My year got off to a zippy start when Ralph Nader named my new book – due out in February – as #1 in his list of “Ten Books to Provoke Conversation in the New Year.” Thanks, Ralph!
Think Like a Commoner: A Short Introduction to the Life of the Commons is my attempt to introduce the commons to the lay reader and concerned citizen. I wanted to explain the commons in simple but not simplistic language while pointing toward the many deep and complicated aspects of the commons, and to the diverse points of entry to the subject. My publisher is New Society Publishers, known for its environmental and activist-minded books.
Think Like a Commoner is my best effort to provide a succinct, lucid overview of the commons. In relatively short chapters, I discuss its history, academic scholarship and many cultural variations. I explore the political and economic implications of the commons and dozens of activist fronts and working projects. I also look at the international commons movement and provide a list of further reading and other resources.
It’s no exaggeration to say that it’s taken me fifteen years to write this book! While Silent Theft, my first foray into commons research and scholarship, came out in 2002, I’ve had quite an odyssey of reading, debate, conference-going and reflection over the past decade. I decided it was important to circle back on myself to try to make better sense of the commons, ten years later, and to try to communicate it more clearly.
Now it's on to the public outreach / marketing stage of the book. For that, I'm grateful to climate change activist Bill McKibben for his supportive blurb: “The Commons is among the most important and hopeful concepts of our time, and once you've read this book you'll understand why!”

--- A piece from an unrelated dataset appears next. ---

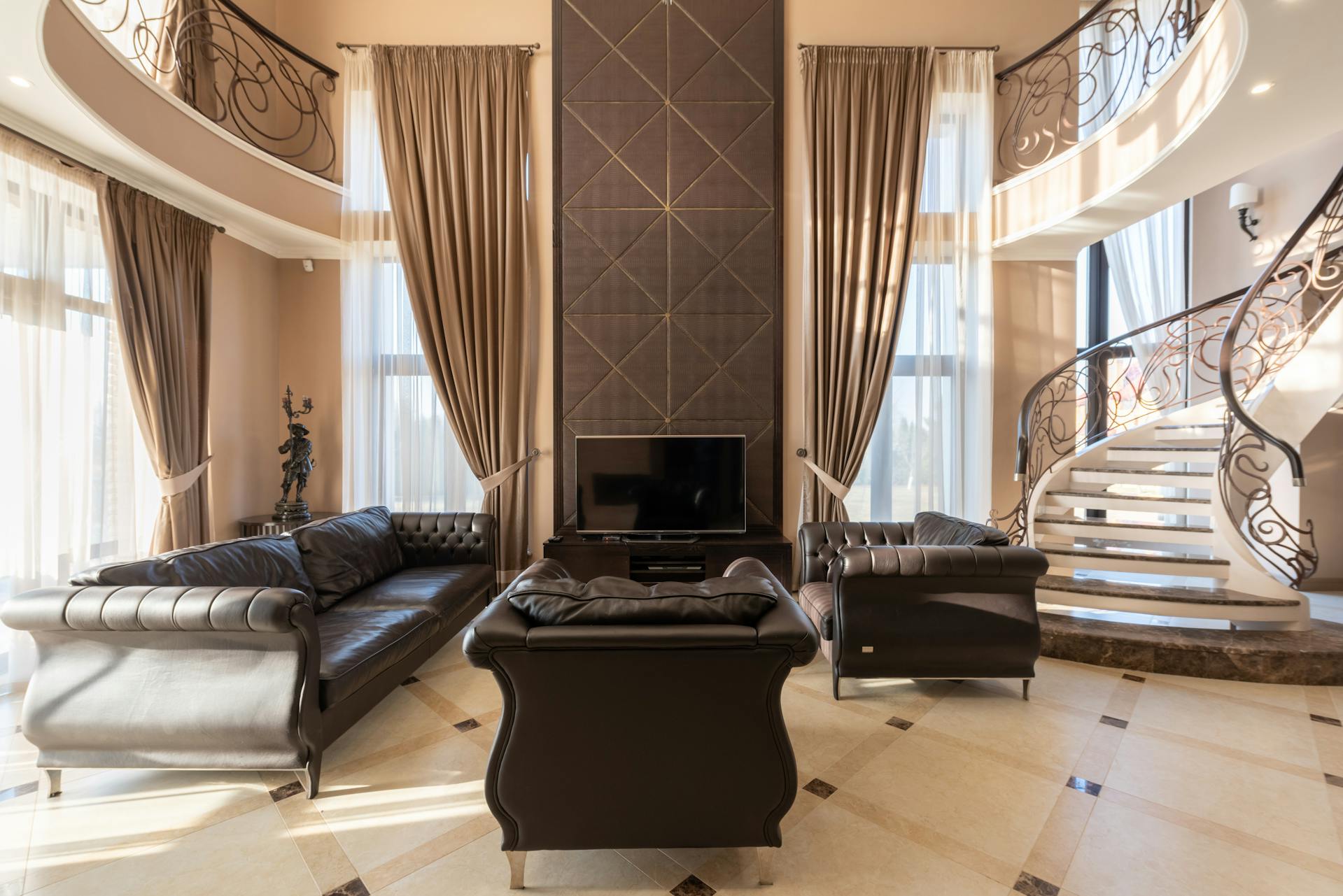 Luxury Villa Interior — Dubai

Here’s how the back cover describes my book:
“The biggest tragedy of the commons” is the misconception that commons are failures – relics from another era rendered unnecessary by the Market and State. Think Like a Commoner dispels such prejudices by explaining the rich history and promising future of the commons – an ageless paradigm of cooperation and fairness that is re-making our world.
“With graceful prose and dozens of fascinating stories, Bollier introduces the people, projects and vision now spawning a global movement. Think Like a Commoner explains how the commons:
- Challenges the standard narrative of contemporary market economics
- Provides a framework of law and social action that can help us move beyond neoliberal capitalism
- Is an exploding field of DIY innovation ranging from Wikipedia and seed-sharing to community forests and collaborative consumption, and beyond.
“We have a choice: Ignore the commons and suffer the ongoing private plunder of our common wealth. Or Think Like a Commoner and learn how to rebuild our society and reclaim our shared inheritance. This accessible, comprehensive introduction to the commons will surprise you, enlighten you, and provoke you to action.”
I’ll have more to say about the book when it arrives in February, but for now, let me just say that I’m excited about this book and the chance to talk about it on the Web and on a book tour. If you have any ideas for me in that regard, drop me a note.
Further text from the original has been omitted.